It looks like the bubble finally burst. Over the past 24 hours, Bitcoin managed to fell below $10,000 for the first time since November, as the crash of cryptocurrencies continued.
In this very moment, the world’s largest crypto coin is trading at $9,952, but earlier in the day it was even lower, reaching $9,199.59.
The market cap of all coins was seriously affected
The last time Bitcoin was trading for such a low price was on November 30, before its ridiculous growth spree, which ended with the coin soaring to a record high of $19,343 in December. However, ever since then, the coin has been on a constant decline. Currently, it is down with around 50 percent, compared to its all-time high.
Investors were definitely scared by this decline so they sold rapidly, as more than $30 billion was lost from the cryptocurrency’s overall market cap.

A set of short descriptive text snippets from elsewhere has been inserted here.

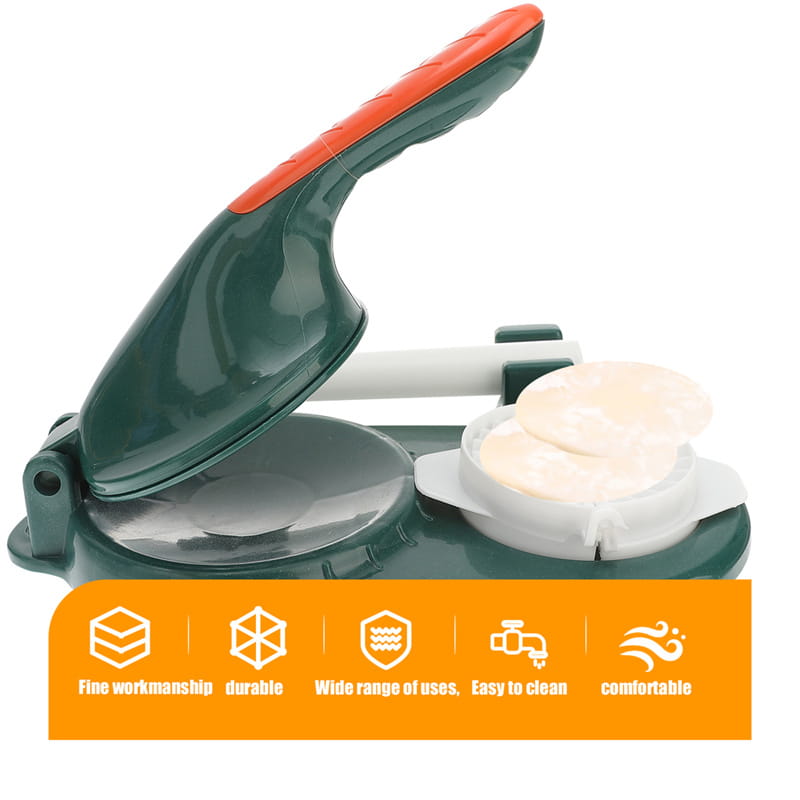 Dumpling maker 3 in 1 manual dough pressing tool with a green and orange sturdy handle designed for making dumplings and flatbreads.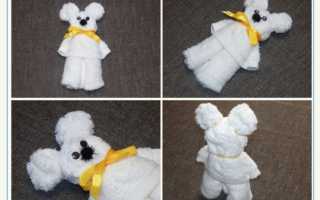 Как сделать медведя из полотенца?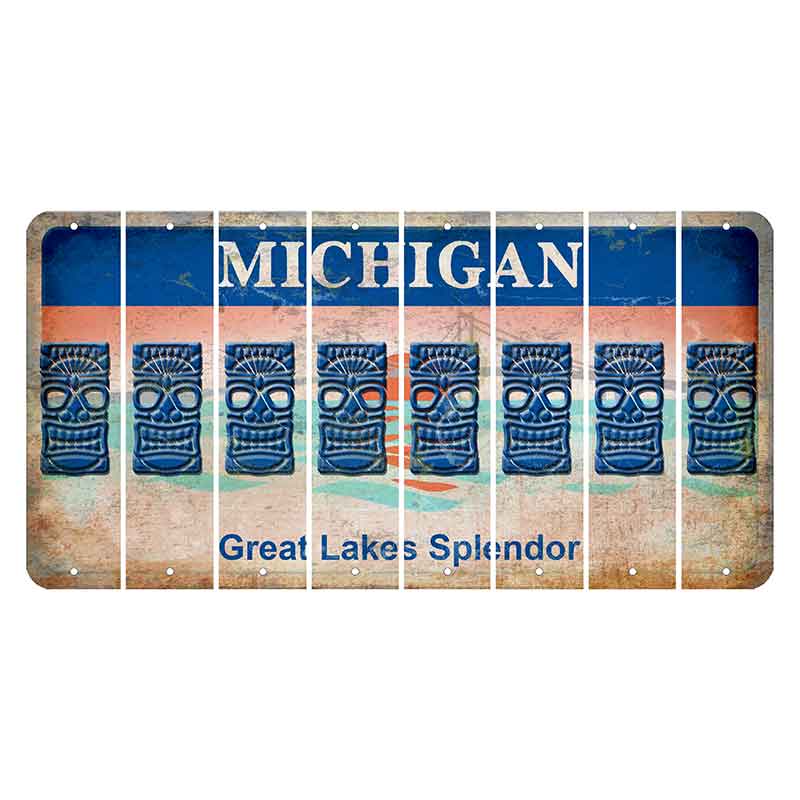 Michigan Great Lakes Splendor Cut License Plate Strips (Set of 8) Tiki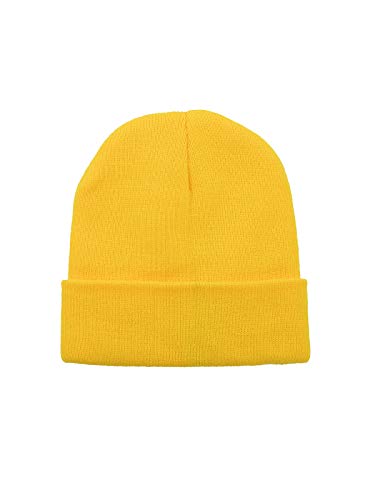 Soft Knit Cuff Beanie Hat for Men and Women - Yellow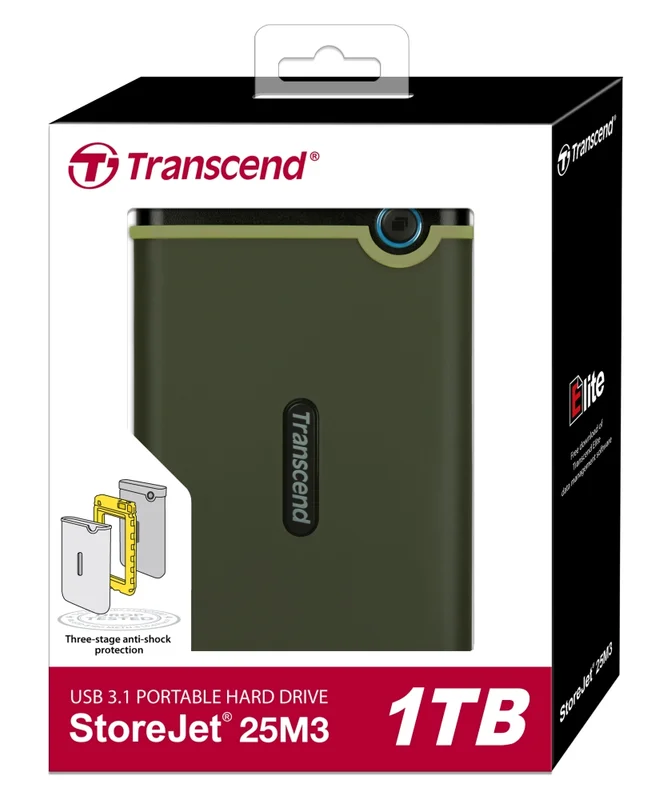 Външен хард диск Transcend – StoreJet M3, 1TB, 2.5", Military Green, Slim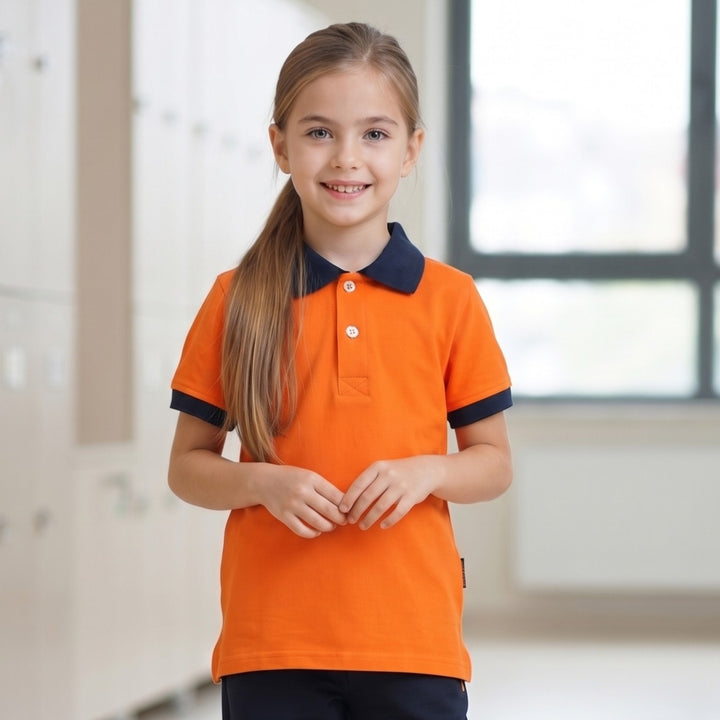 100% Cotton Orange Short-Sleeve Polo Shirt with Navy Blue Collar (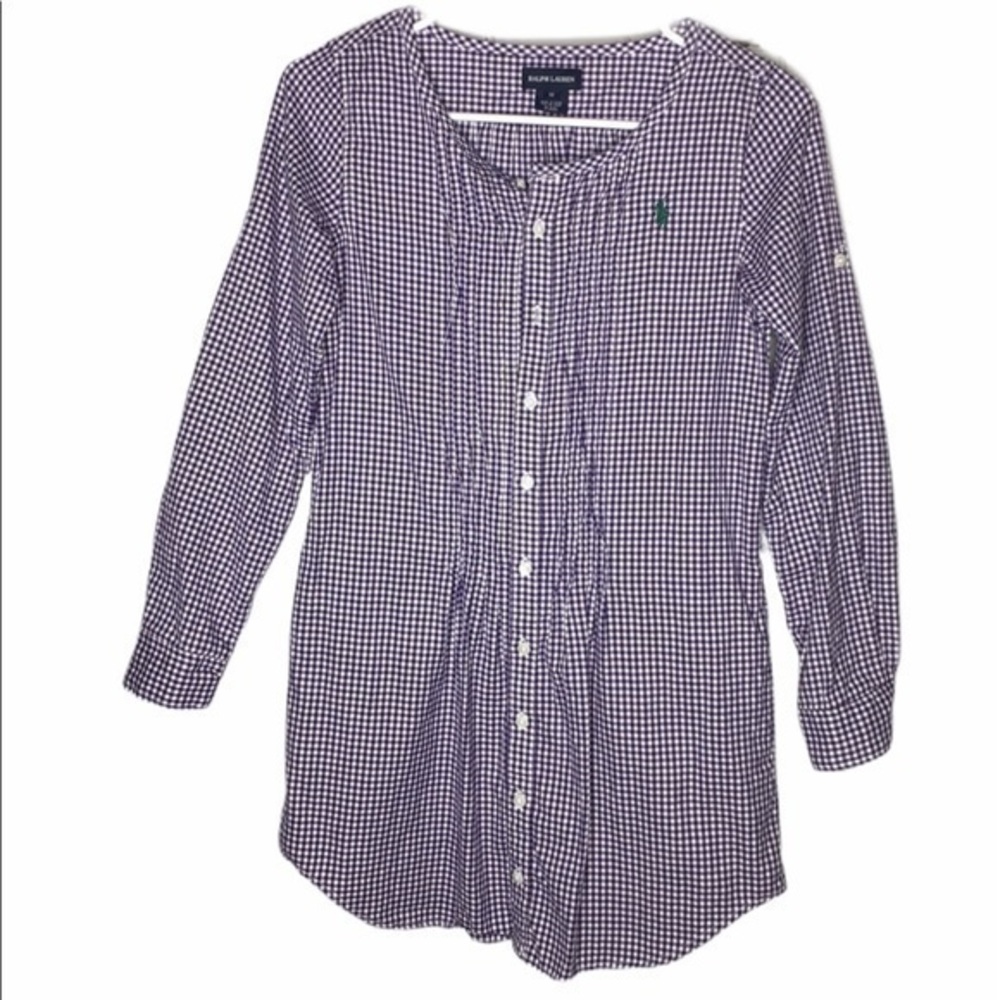 RALPH LAUREN purple & white gingham pintuck dress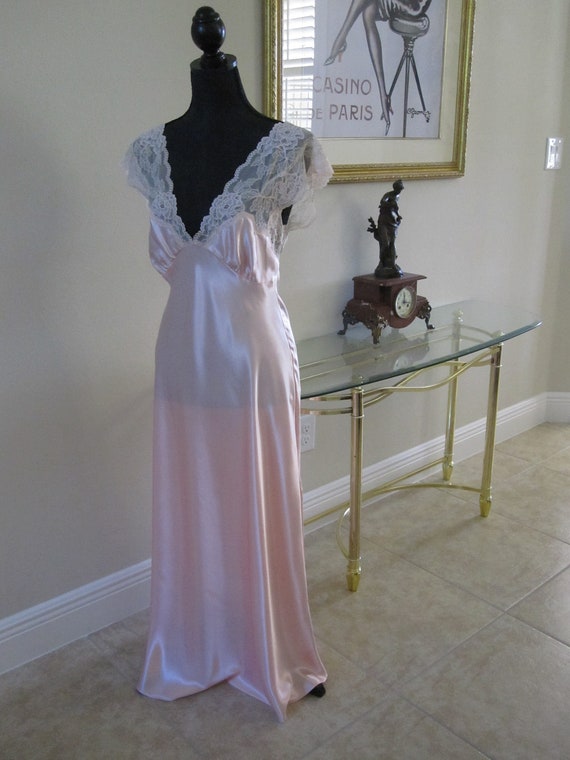 PINK SATIN LACE Gown Lingerie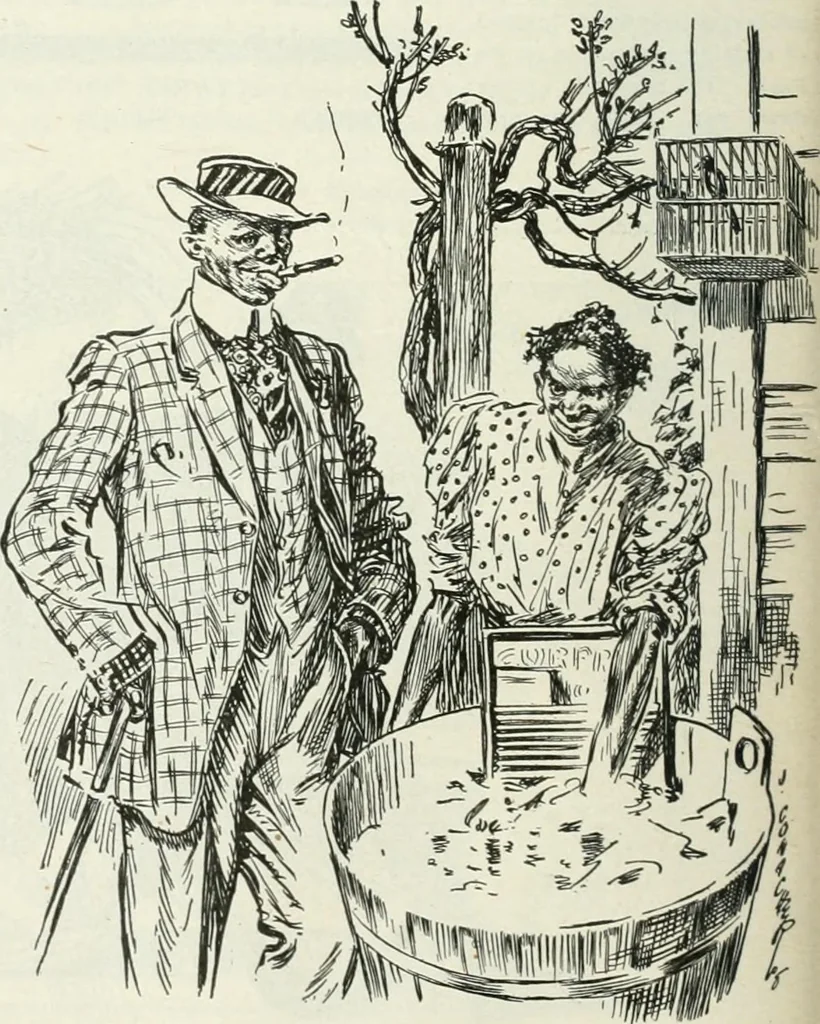 An illustration from Caricature; wit and humor of a nation in picture, song and story, 1911, leaf 213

In the meantime, Bitcoin’s downfall led to the same fate for other top cryptocurrencies, like Ethereum or Ripple, the second and third-biggest digital assets. Specifically, Ethereum was trading at $791.97 per coin earlier in the day, while Ripple fell with almost 34 percent, reaching a low of 91 cents.
As you probably know, Cryptocurrencies started to sell off after a declaration made by South Korea’s Finance Minister, Kim Dong-yeon, went viral. The politician declared that the government is strongly considering a ban on crypto exchanges.
These fluctuations are considered normal by cryptocurrency analysts
The action we’re seeing may seem dramatic but is really quite normal for this market,” said Mati Greenspan, senior market analyst at eToro, for CNBC. “All in all, this drop has brought us back to the prices that were traded about a month ago for most coins.”
Mr. Greenspan also added that South Korean investors, as well as those from Japan, pay an additional fee of 20 percent per coin, but today, they appeared to be falling.
“The premiums that were being paid by Japanese and South Korean crypto traders is also coming down, so that’s a good sign as well,” he added.
China is also considering banning the cryptocurrency market, as authorities are planning to block domestic access to cryptocurrency platforms allowing centralized trading, no matter if they’re China-based or not.